■ **Goal of the exercise**: Please set out each line below exactly as it stands, without the images.

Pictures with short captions
○ ○ ○
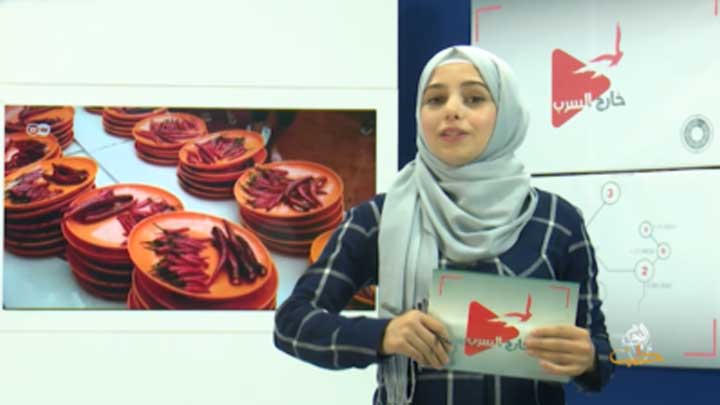 خارج السرب الحلقة 48 – تحدي تناول الفلفل الحار في الصين والجائزة ذهب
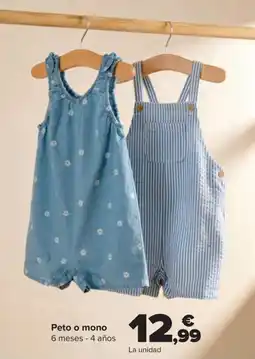 Carrefour Peto o mono oferta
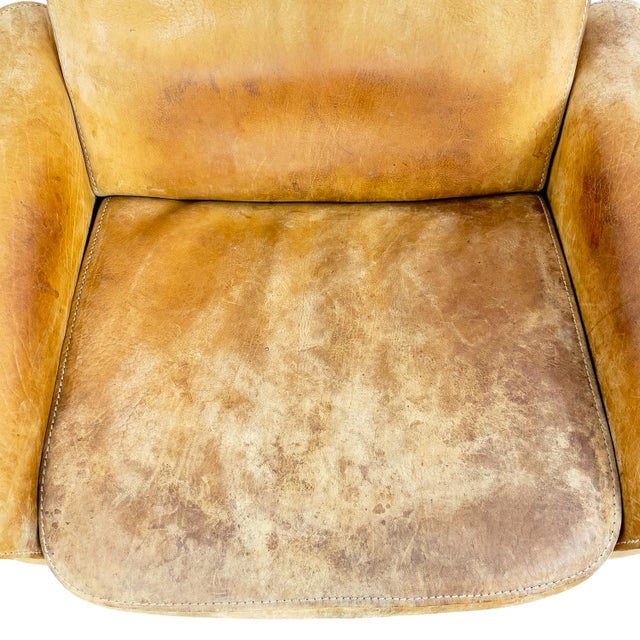 Mid-Century Swiss DS-50 Leather Lounge Chairs by de Sede, 1970s, Set of 2 For Sale - Image 14 of 15
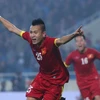[Photo] Huy Toàn và Công Phượng chơi tốt, Olympic Việt Nam chiến thắng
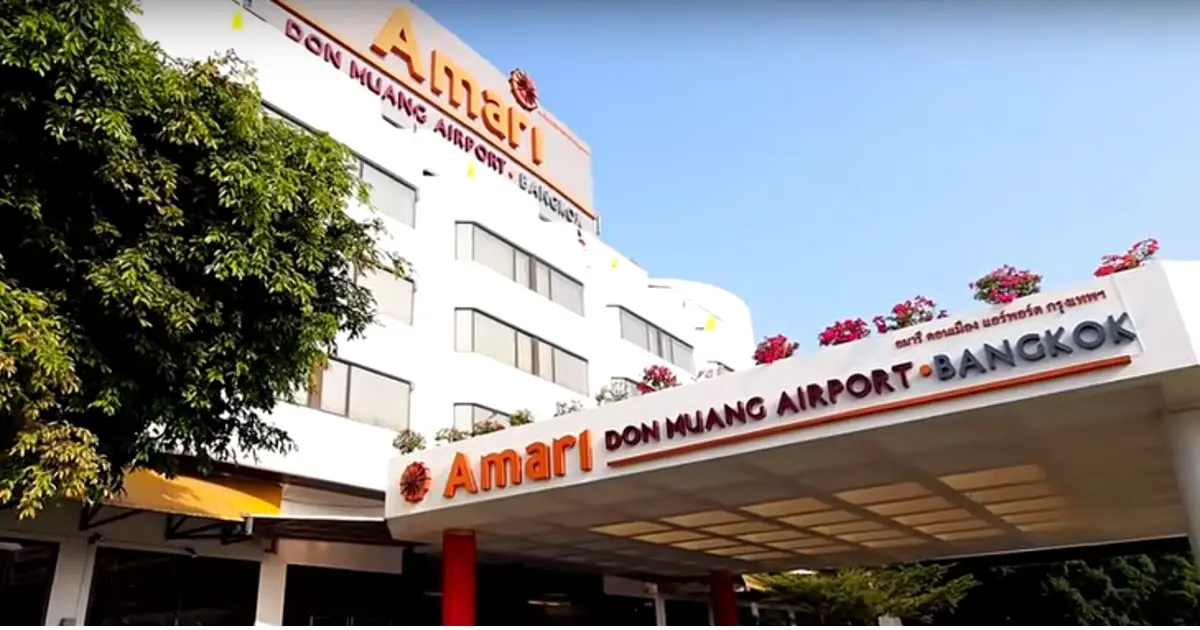 Amari Don Muang Airport Bangkok Hotel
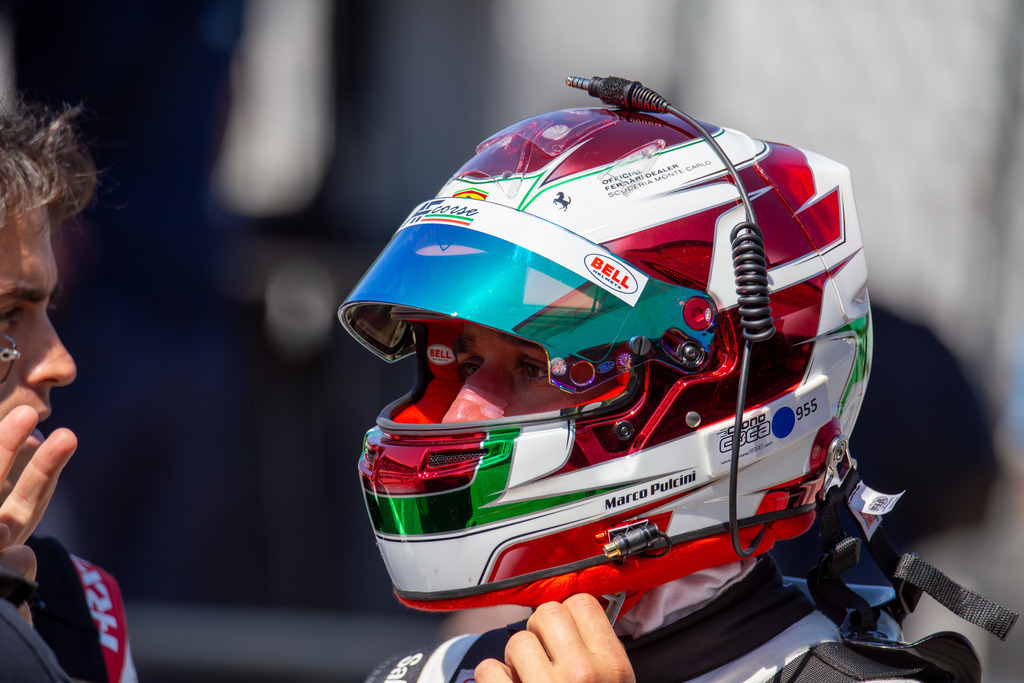 10. Mai 2024, Hockenheimring (Deutschland): Bild: Marco Pulcini (Italien), GT Open, Team SPIRIT OF RACE | 10. Mai 2024, Hockenheimring (Deutschland): Bild: Marco Pulcini (Italien), GT Open, Team SPIRIT OF RACE - Realisiert mit Pictrs.com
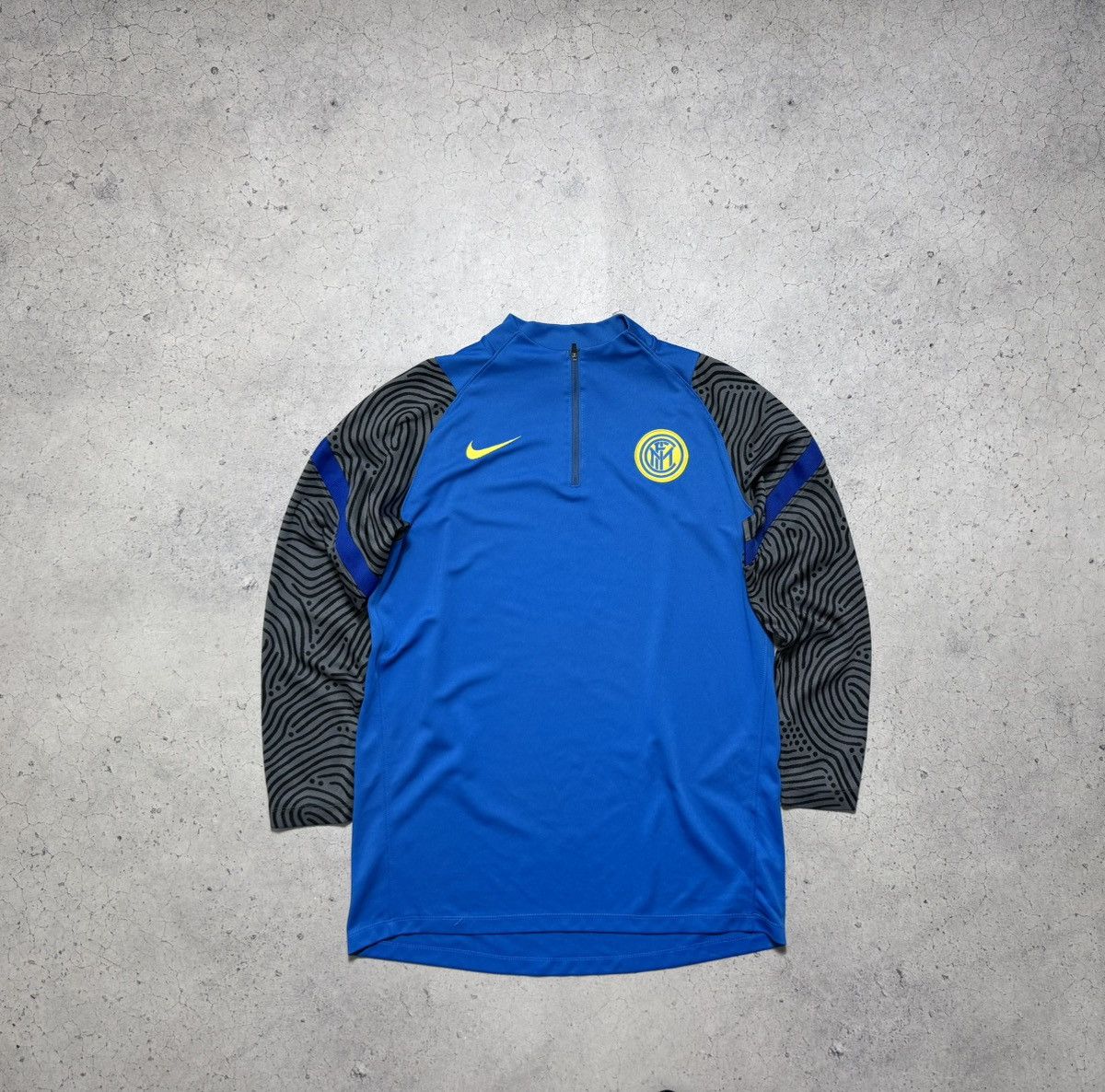 Nike Nike FC Inter Milan Soccer Football Jersey Sweatshirt Size US L / EU 52-54 / 3 - 1 Thumbnail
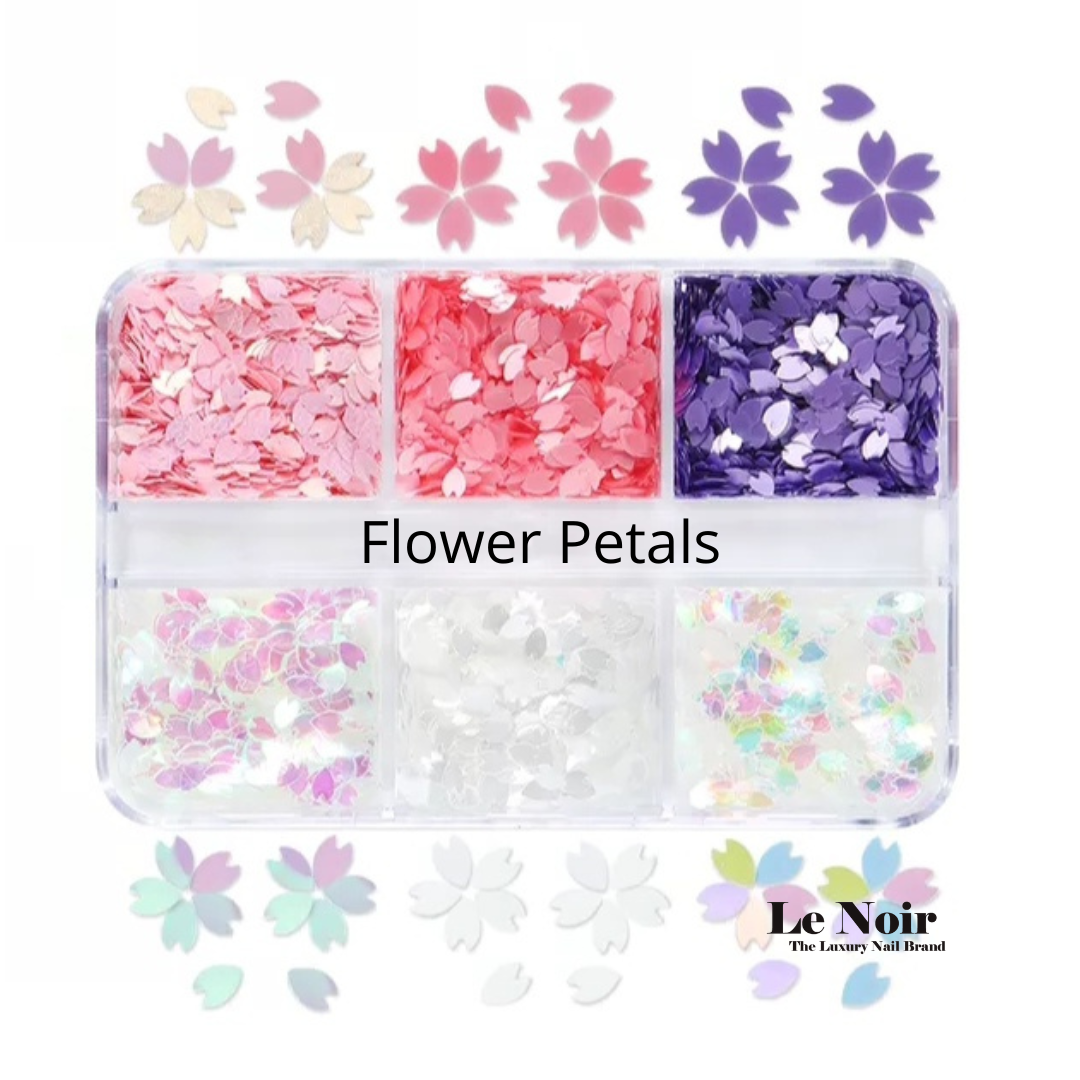 3d nail art accessories flakes valentines star butterfly snowflake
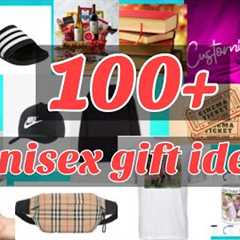 100 UNISEX GIFT IDEAS | GIFT IDEAS FOR HIM/ HER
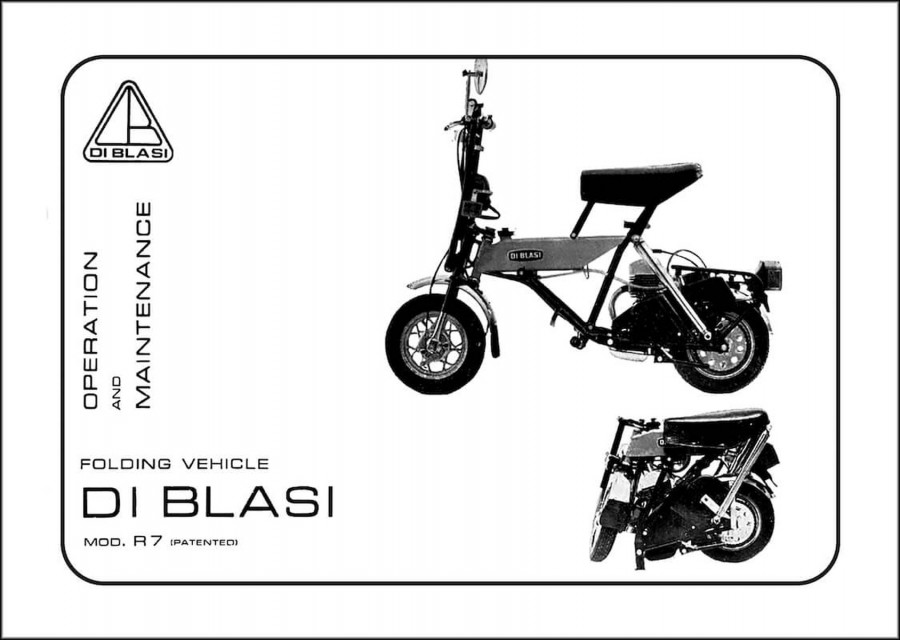 Di Blasi R7-WT Operation and Maintenance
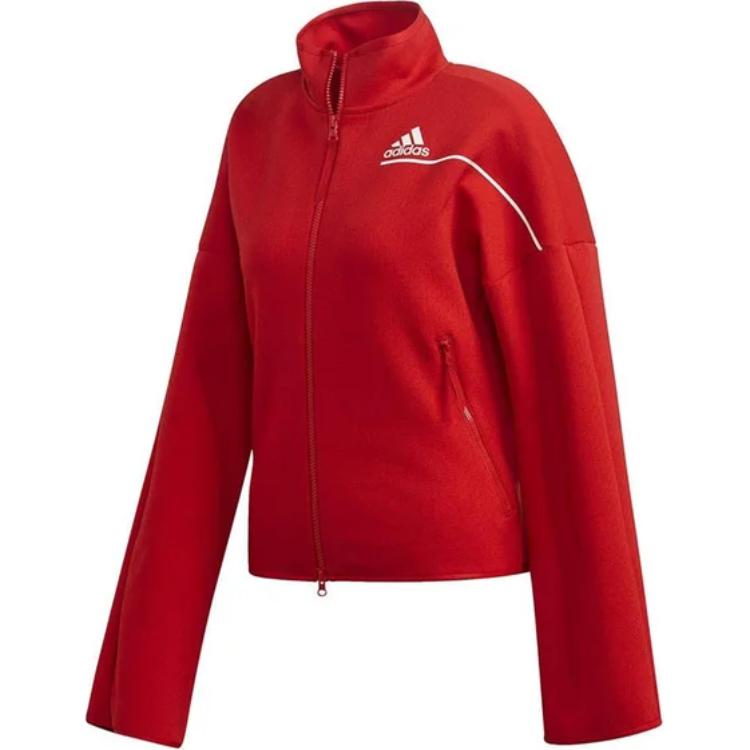 Adidas Jackets & Coats Women s Red GM3287 36.S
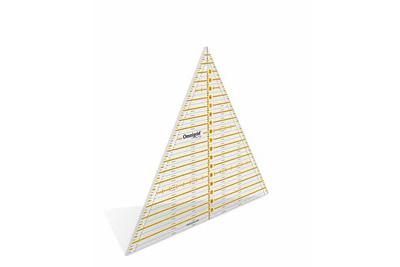 Regolo Patchwork triangolo Multi 20cm Omnigrid PR 611 656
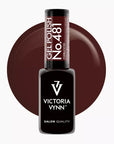 GEL POLISH 481 Oxblood 8 ml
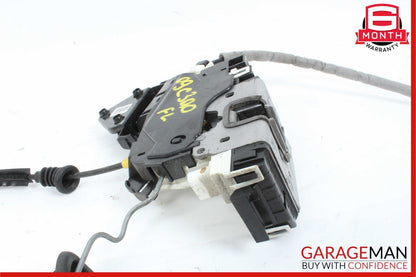 08-14 Mercedes W204 C300 4MATIC Front Left Side Door Lock Latch Actuator OEM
○ ○ ○
■ **Solution to this problem**:
 خارج السرب الحلقة 48 – تحدي تناول الفلفل الحار في الصين والجائزة ذهب
 Carrefour Peto o mono oferta
 Mid-Century Swiss DS-50 Leather Lounge Chairs by de Sede, 1970s, Set of 2 For Sale - Image 14 of 15
[Photo] Huy Toàn và Công Phượng chơi tốt, Olympic Việt Nam chiến thắng
 Amari Don Muang Airport Bangkok Hotel
 10. Mai 2024, Hockenheimring (Deutschland): Bild: Marco Pulcini (Italien), GT Open, Team SPIRIT OF RACE | 10. Mai 2024, Hockenheimring (Deutschland): Bild: Marco Pulcini (Italien), GT Open, Team SPIRIT OF RACE - Realisiert mit Pictrs.com
 Nike Nike FC Inter Milan Soccer Football Jersey Sweatshirt Size US L / EU 52-54 / 3 - 1 Thumbnail
 3d nail art accessories flakes valentines star butterfly snowflake
 100 UNISEX GIFT IDEAS | GIFT IDEAS FOR HIM/ HER
 Di Blasi R7-WT Operation and Maintenance
 Adidas Jackets & Coats Women s Red GM3287 36.S
 Regolo Patchwork triangolo Multi 20cm Omnigrid PR 611 656
 GEL POLISH 481 Oxblood 8 ml
 08-14 Mercedes W204 C300 4MATIC Front Left Side Door Lock Latch Actuator OEM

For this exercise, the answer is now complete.